THIS got me all twitterpated today(I blacked out the name to protect the tweeter).
Unless you have been overweight and tried to lose weight you HAVE NO IDEA how hard it is. Emotionally and physically. It’s draining. It’s not as easy as ‘just eat salads’ or ‘cut out breads’. There ARE food addictions, eating disorders. All hinder weight loss.
I’m in the ‘morbidly obese’ BMI range. I take up 1.5 seats on the train, subway, or plane. Do you know how fucking embarrassing it is? To hope & pray to whatever deity is there that no one booked the seat on the plane next to me?! Do you know the anxiety it causes? The fact that I feel horrible that my hips fall into the seat next to me? And that poor person and myself feel awkward?
And the staring. I can tell you about 99% of the people who don’t know me assume that I’m fat because I’m lazy & eat junk food. I can’t tell you how many people, grown adults mind you, stare when I eat. Or when I’m sitting in the subway or bus.
It took me a long time to do things in public – like eat. In middle school I refused to eat in the cafeteria in front if people because I got made fun of. So I’d eat in the bathroom. Or not at all. I was teased and had thoughts of ending it all at 13. THIRTEEN.
In high school I was still teased. Gym class was pure torture. Eating in front of people didn’t happen.
But I’ve overcome that. Along with bouts of anorexia & bulliemia.
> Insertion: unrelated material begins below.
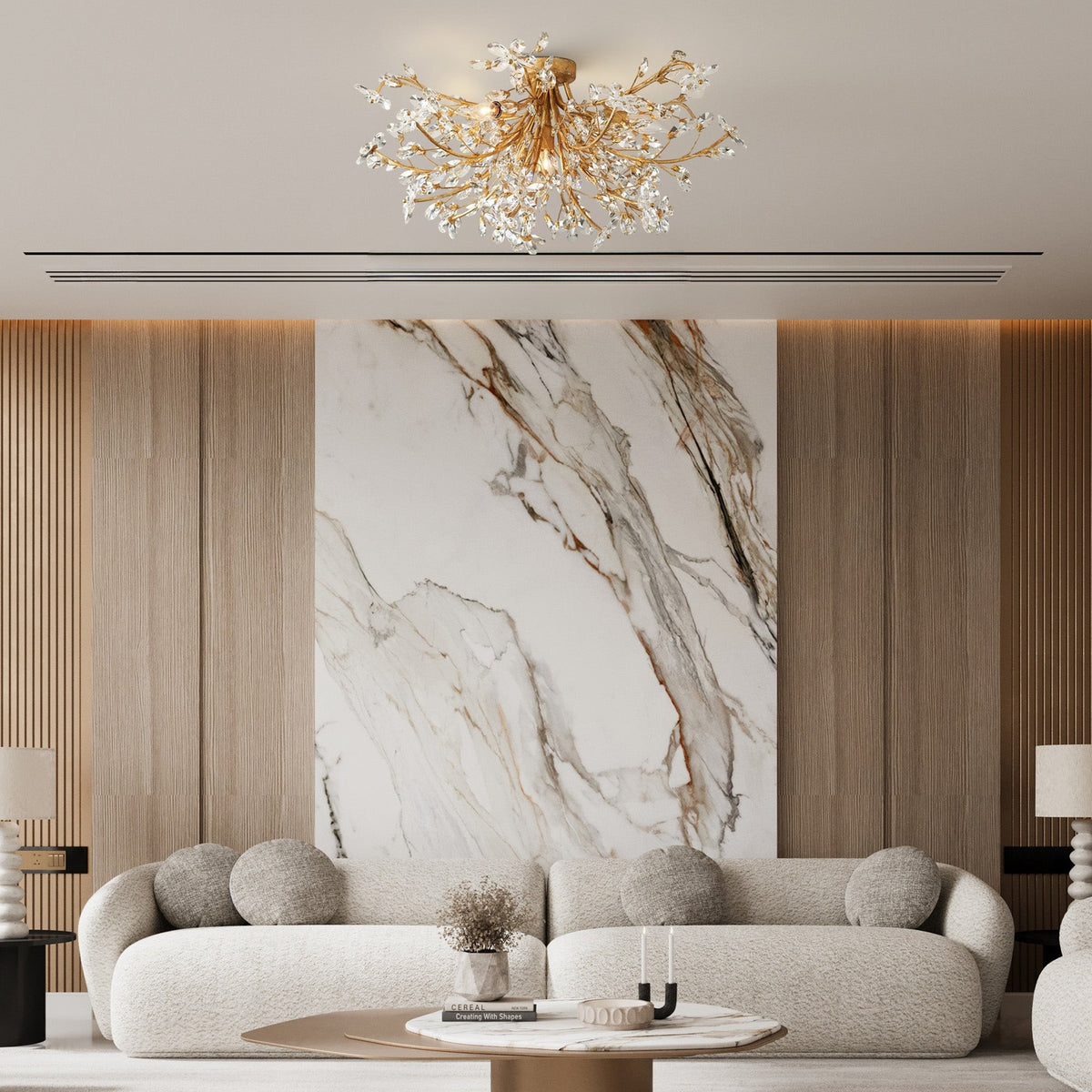 Sculptural Iron Branch Cluster Flush Mount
But weight loss IS NOT easy. Look at me and you can assume that I’m a lazy gluttonous fat pig who has in some way inconvenienced you. But I’m NOT.
I walk for 60-120 minutes A DAY. 5-7 times a week. I eat a vegetarian diet, relatively low carb, sweets in moderation.
So fuck you and your assumptions that all fat people are lazy, gluttonous pigs who are making your precious life hard.